### EXERCISE DATA:
....................
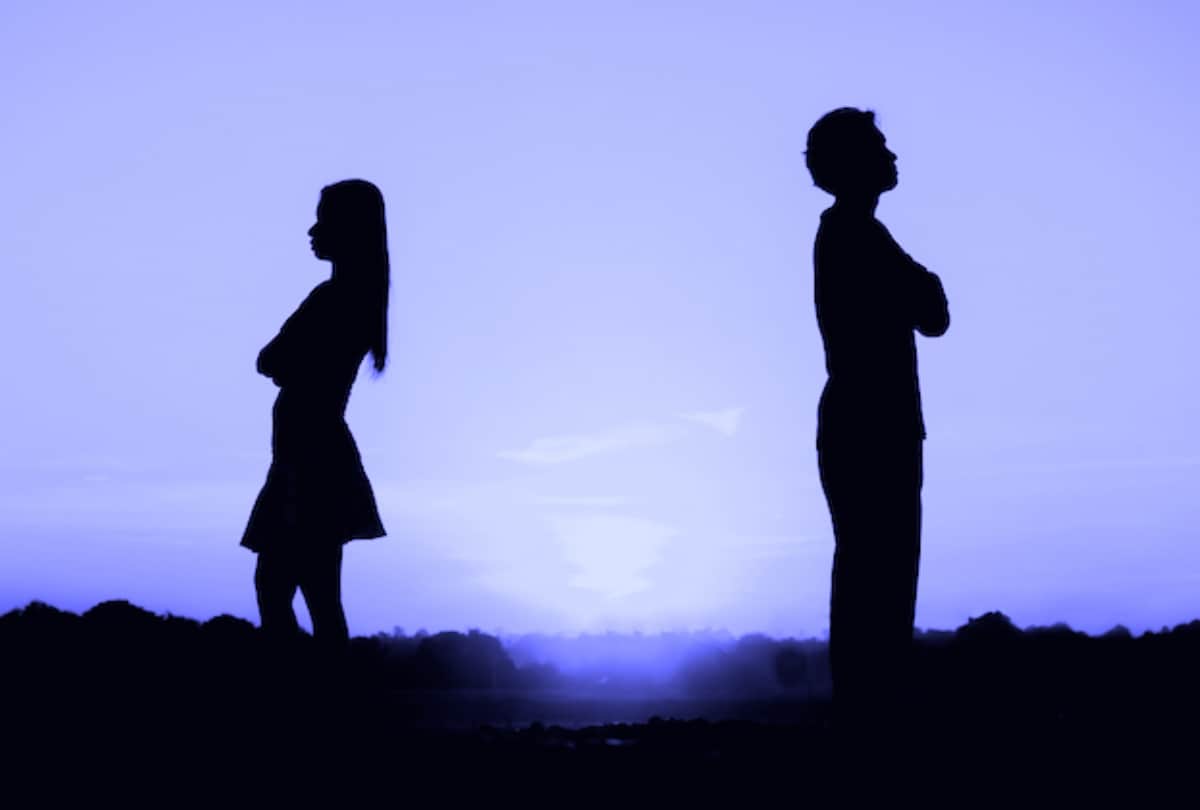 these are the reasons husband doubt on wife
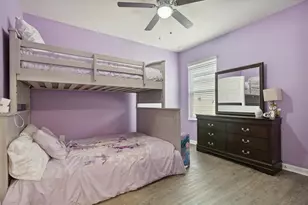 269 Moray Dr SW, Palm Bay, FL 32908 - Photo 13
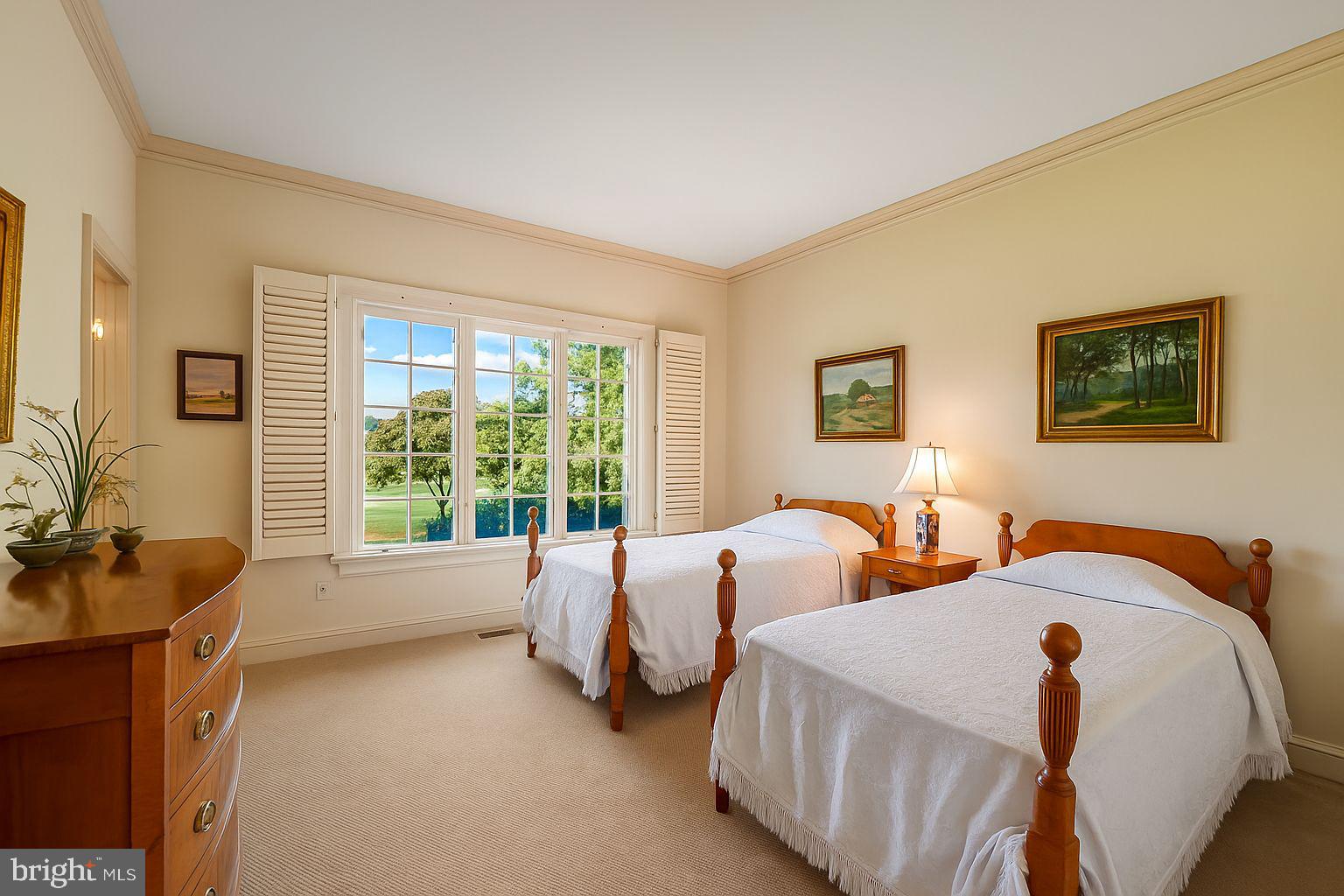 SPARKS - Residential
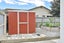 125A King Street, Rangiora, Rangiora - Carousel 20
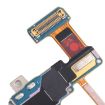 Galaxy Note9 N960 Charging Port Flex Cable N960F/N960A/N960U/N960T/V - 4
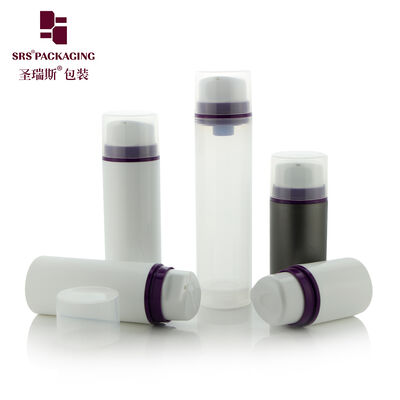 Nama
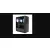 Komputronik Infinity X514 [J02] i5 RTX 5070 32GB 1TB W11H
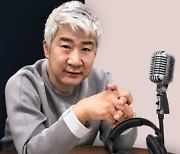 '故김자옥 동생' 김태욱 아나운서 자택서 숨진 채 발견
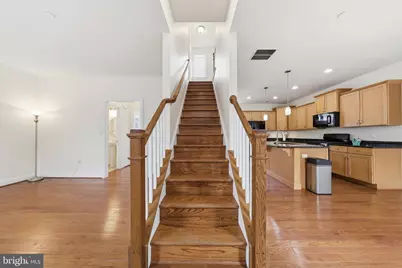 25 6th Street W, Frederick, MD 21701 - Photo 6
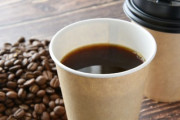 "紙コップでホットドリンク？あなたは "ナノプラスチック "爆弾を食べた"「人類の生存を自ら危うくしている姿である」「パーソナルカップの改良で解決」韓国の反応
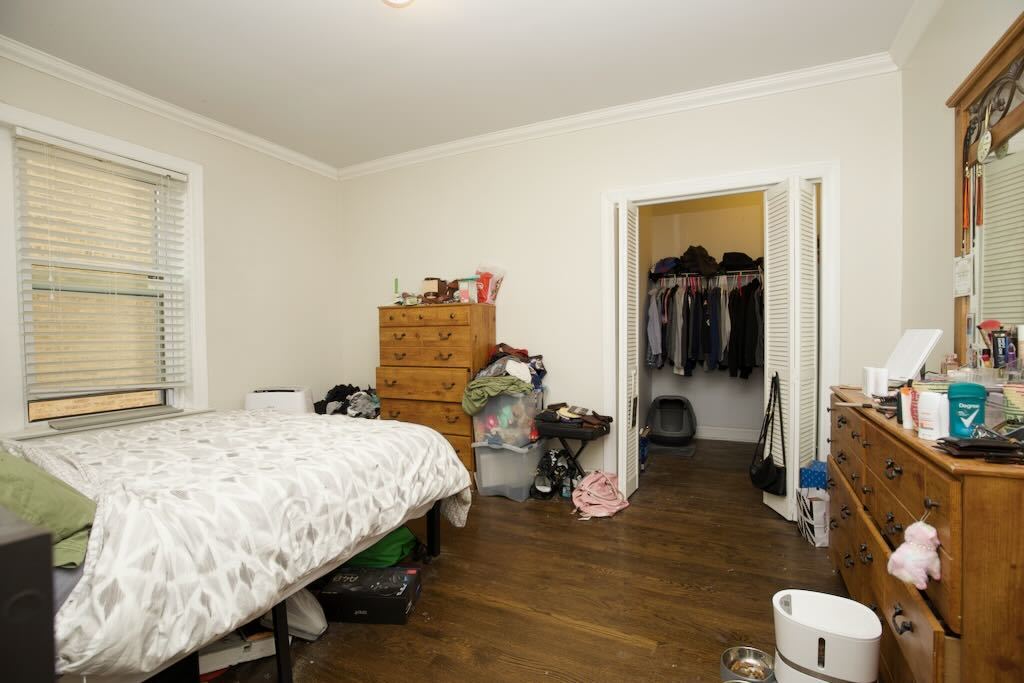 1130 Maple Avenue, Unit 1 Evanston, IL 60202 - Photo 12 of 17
....................
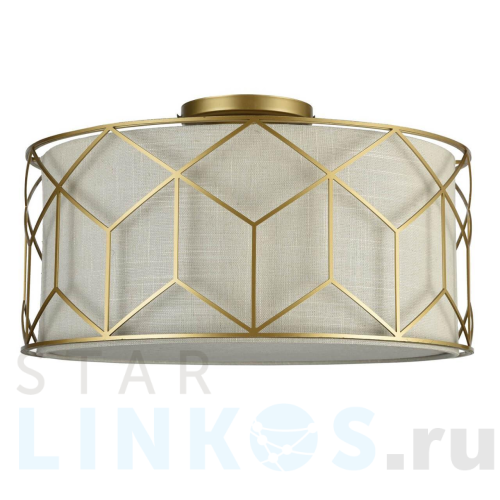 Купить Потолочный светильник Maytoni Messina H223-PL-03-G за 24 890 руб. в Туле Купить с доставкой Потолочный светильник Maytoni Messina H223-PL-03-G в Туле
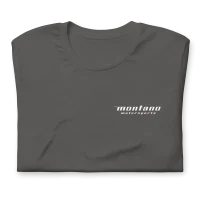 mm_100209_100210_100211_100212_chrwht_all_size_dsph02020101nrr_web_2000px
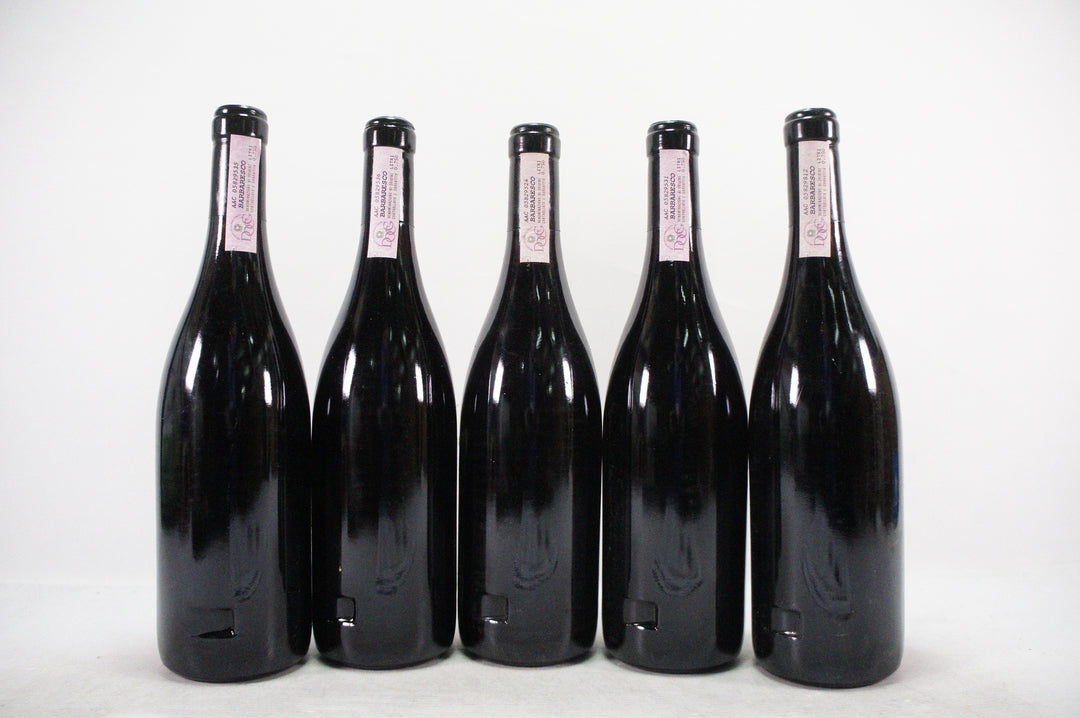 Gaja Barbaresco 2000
....................
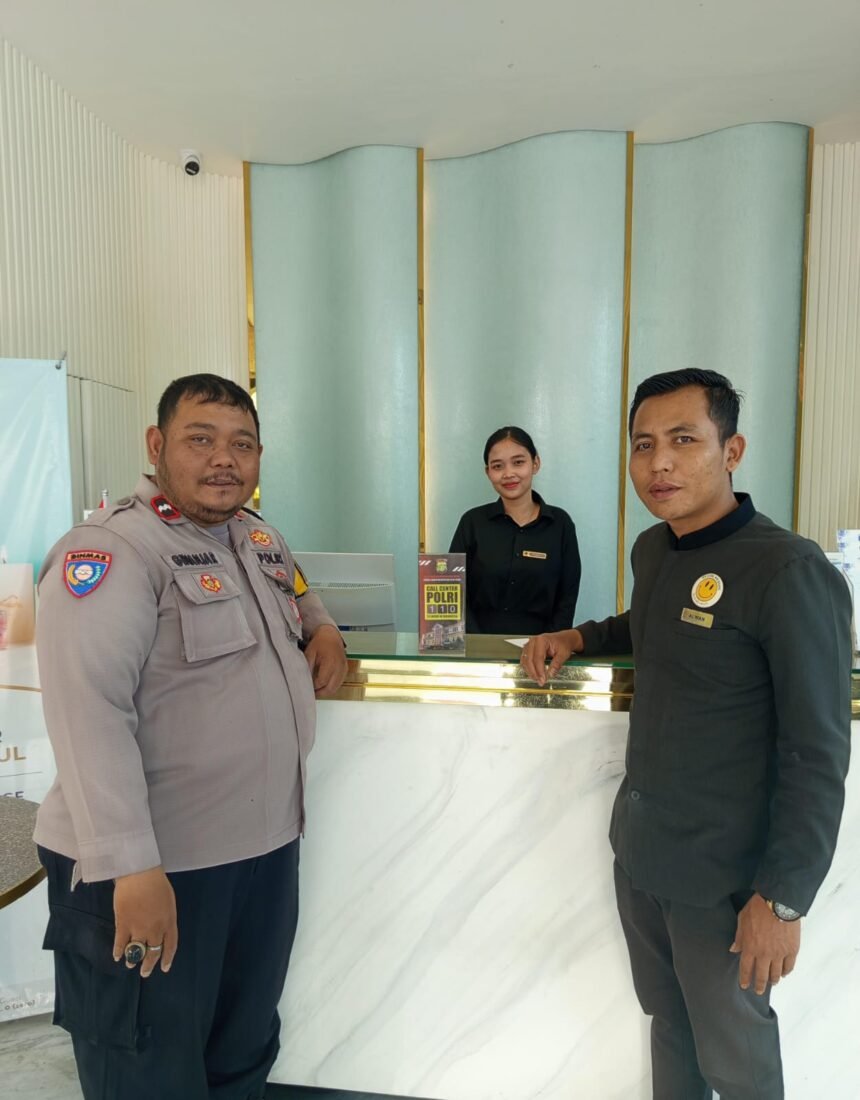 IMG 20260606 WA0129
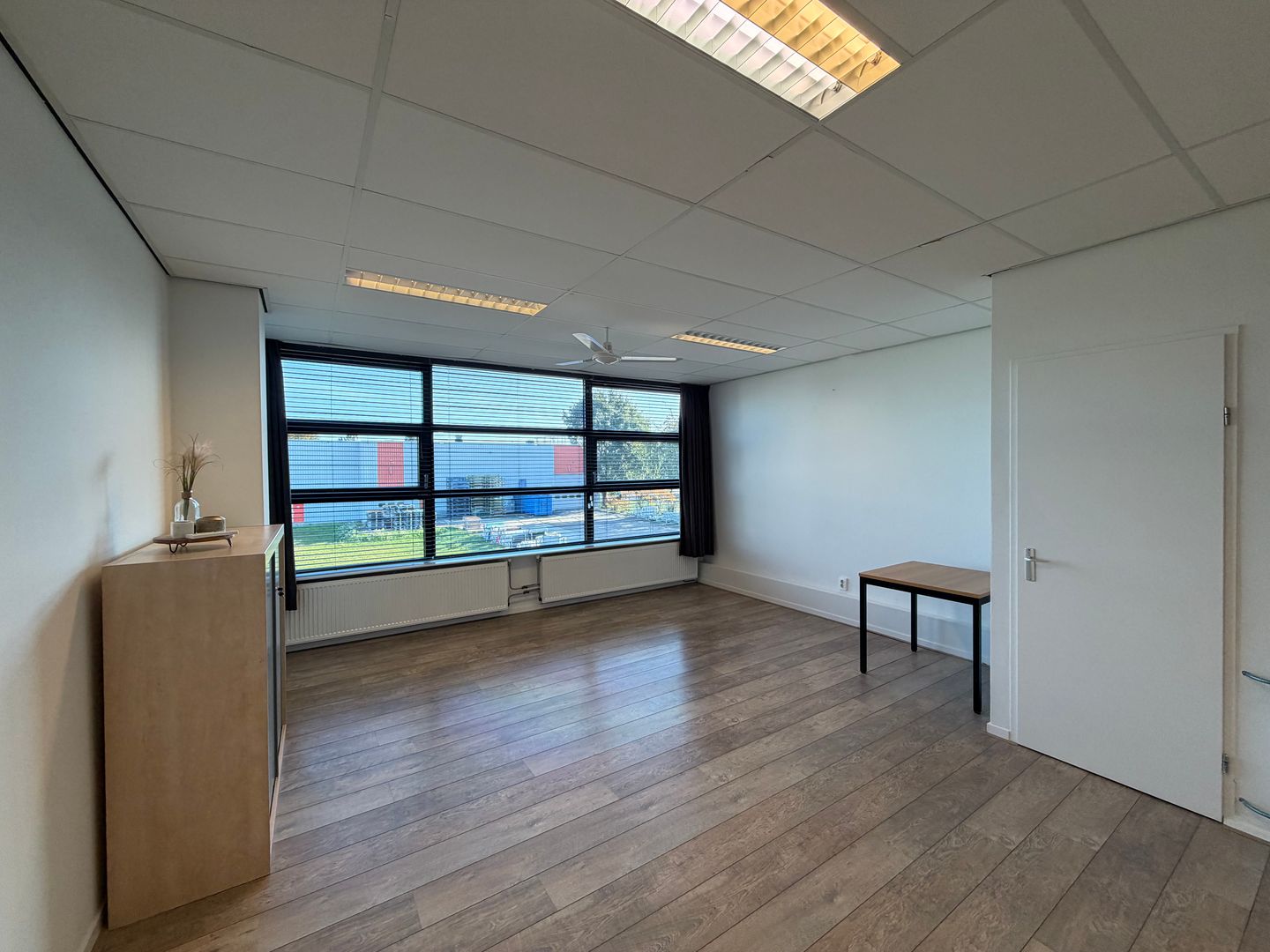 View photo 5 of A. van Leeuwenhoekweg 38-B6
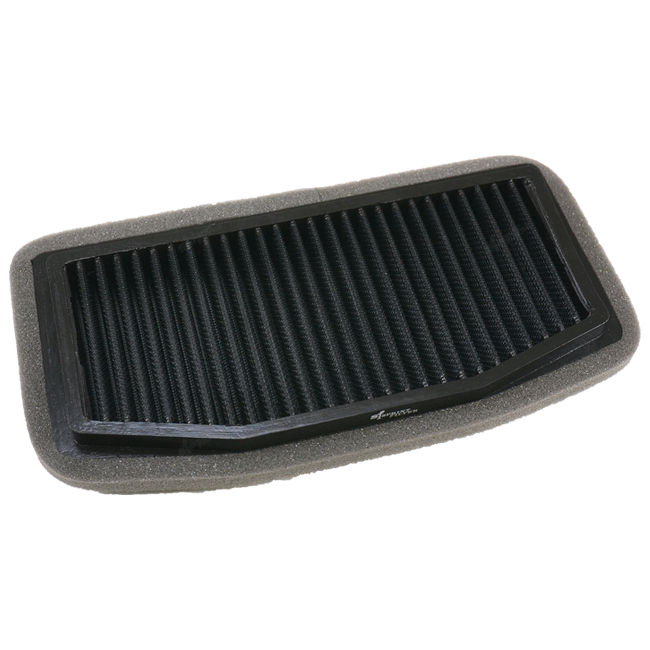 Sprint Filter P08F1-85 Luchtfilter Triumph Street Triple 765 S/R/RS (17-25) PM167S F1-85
....................
### AIM OF THE EXERCISE:
Keep to the lines above from the line with "자택서 숨진 채 발견" to the line with "1130 Maple Avenue, Unit", and set down exactly those, inclusive, with nothing else and every picture left out.

### YOUR RESPONSE:
 '故김자옥 동생' 김태욱 아나운서 자택서 숨진 채 발견
 25 6th Street W, Frederick, MD 21701 - Photo 6
 "紙コップでホットドリンク？あなたは "ナノプラスチック "爆弾を食べた"「人類の生存を自ら危うくしている姿である」「パーソナルカップの改良で解決」韓国の反応
 1130 Maple Avenue, Unit 1 Evanston, IL 60202 - Photo 12 of 17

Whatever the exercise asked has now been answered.